From: Mark Byrd

 About myself – 48, married w/ 2 kids and a dog.  I live in Spring (Houston), Texas and work for Shell.  My father had been in electronic communications all his life, and introduced me to my first crystal radio when I was about 5 (The REMCO crystal set).  At about 8 or 9, he gave me a Science Fair Globe Patrol kit.  While both radios are long gone, I have recently replaced them.  I’m still impressed with the Globe Patrol.  I built Heathkits all through high school, including three computers and a Hero robot.  My wife and I assembled cards for a company who supplied graphic cards for the Heath H8 computer, and used the money to buy her engagement ring.  I have piddled and invented with electronics all my life.  I also went through a spell of restoring dozens of antique radios from the 30’s and 40’s, and still have a dozen or so displayed around the house.  I have an electrical engineering degree from LSU.  I travel all around the world for work and like to hit the local electronics places when I have the chance.  Other hobbies:  My son and I race off-road motorcycles and I also enjoy streetbiking.  I’m also a woodworker – it is great to be able to tie my love for radios and woodworking together.


 
* The wood used for the base is Jatoba, which is similar to Mahogany in appearance, but denser.  I do the simple finish - 3 or 4 coast of rub-on gloss poly, followed by a couple of coats of satin spray poly. 

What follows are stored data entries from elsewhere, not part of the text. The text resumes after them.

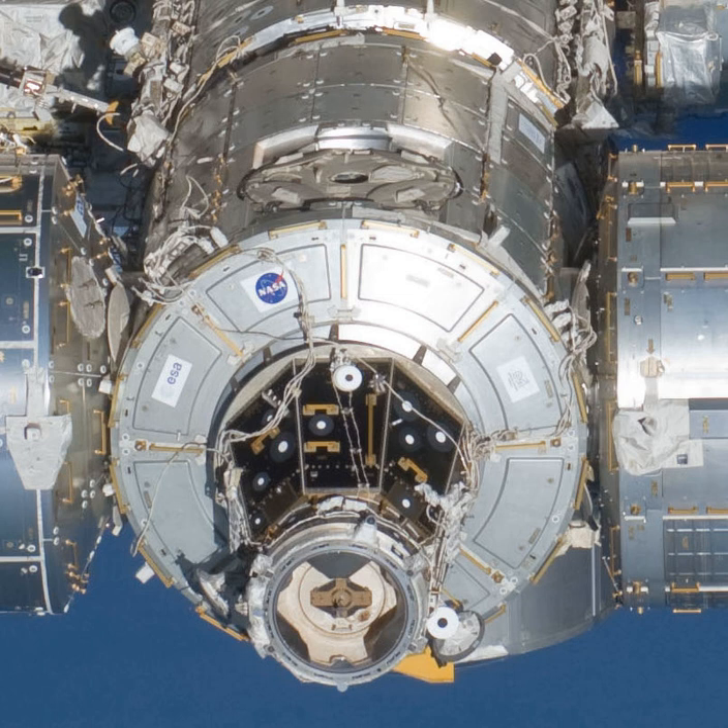The handover of Harmony completed a major element of the barter agreement between ESA and NASA that was signed in Turin on October 8, 1997. Paolo A. Nespoli, an ESA astronaut born in Milan, Italy, accompanied the Harmony module aboard STS-120 as a mission specialist.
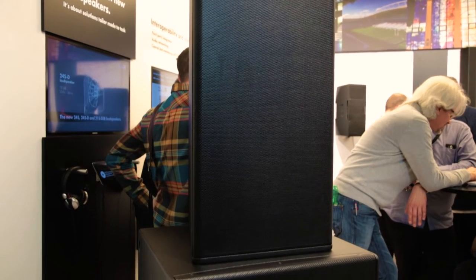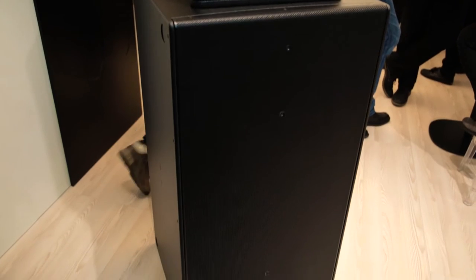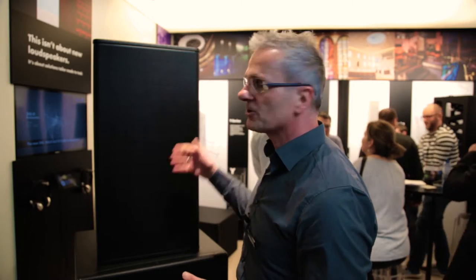Hi, this is Wolfgang from D&B. We're here at ISE and I would like to present to you two new loudspeaker solutions for our installation toolbox. We are talking about our greatest high-performance mid-high unit here — it's called the 24S.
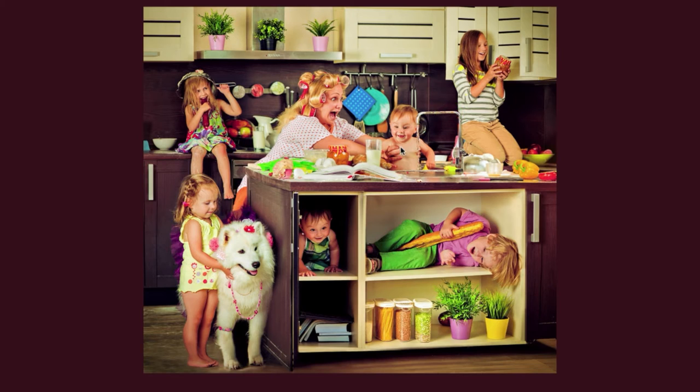The baby is reaching for a glass of milk, which gives the mother a scare. A book is open on the island counter — maybe a cookbook. There are eggs and two yellow bell peppers on the island counter.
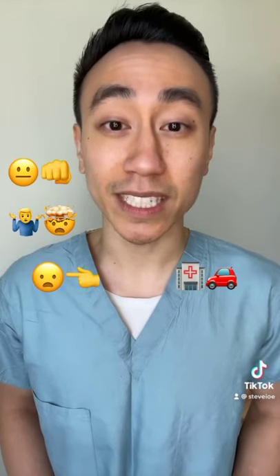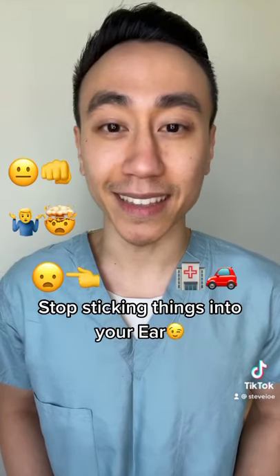You know who you are. It doesn't help and it only pushes the wax deeper. You want to save yourself a trip to the ER? Stop sticking things into your ear.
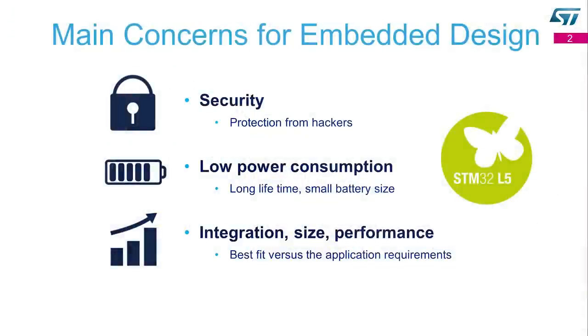Hello, my name is Bertrand Denis and I'm glad to introduce a new microcontroller series called STM32L5. The main challenges faced by our customers are to protect their devices from hackers for logical and board-level attacks and to have more security. The second concern is reducing low power consumption to reduce battery size and increase lifetime. And finally, to find the right microcontroller which fits the application requirements in terms of integration, size, and performance.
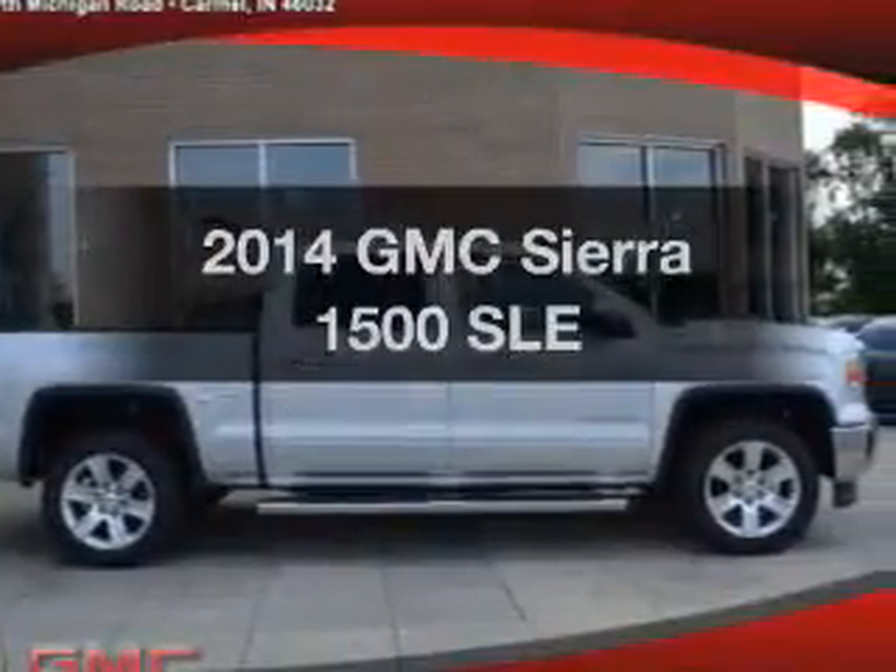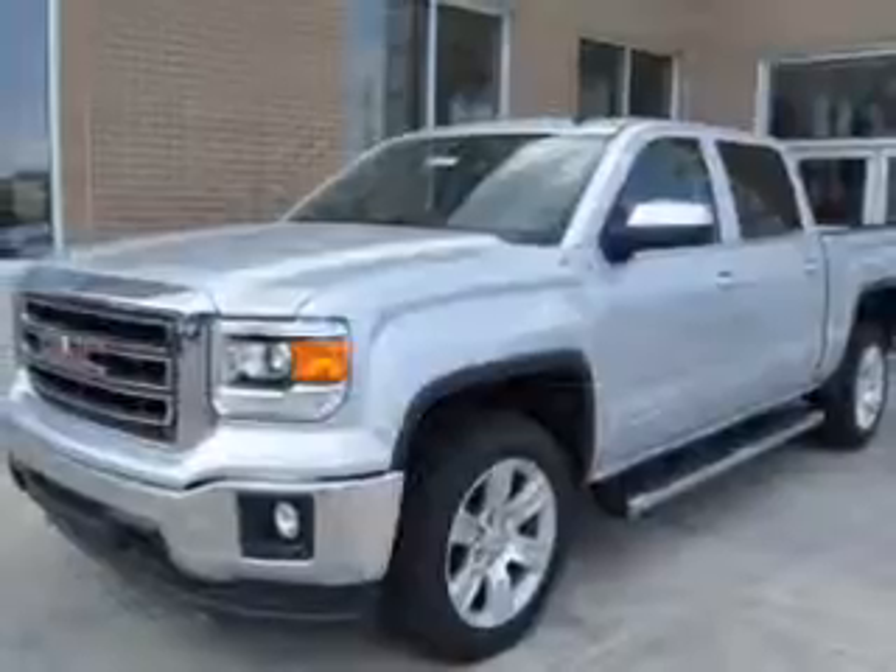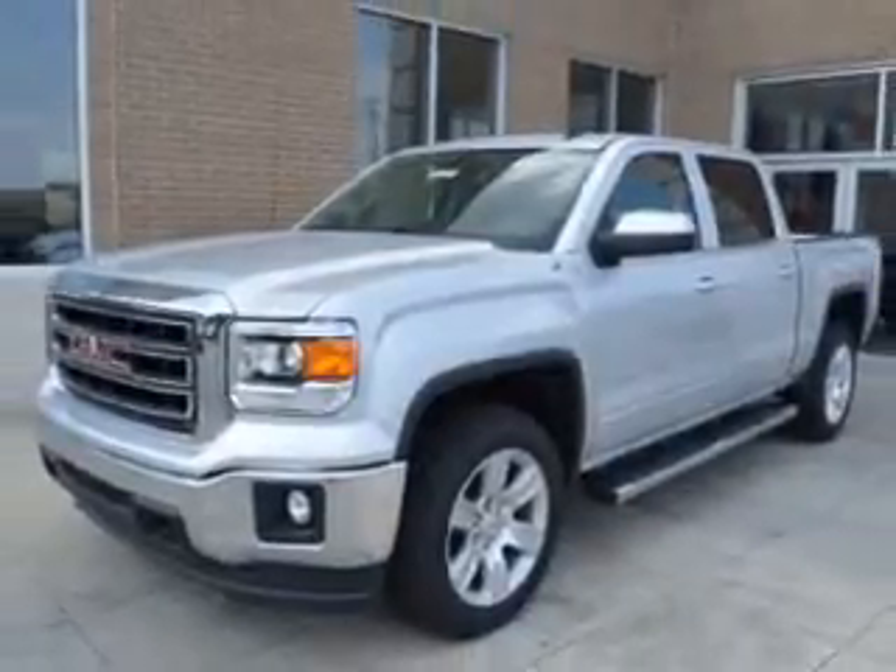Imagine yourself in this 2014 GMC Sierra 1500. Everything you need under one roof with this great vehicle.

* For the crystal detector cup, I purchased a brass fitting from Harbor Freight (Item 47986) that converts an air hose down to an airbrush size hose.  I turned it by chucking it in my drill press, using a file and then progressively finer sandpaper.  To remove the threads on the inside, I used a cylindrical diamond carving bit for my Dremel tool.  I just held the bit it in my hand and worked the inside while spinning the brass fitting on my drill press. 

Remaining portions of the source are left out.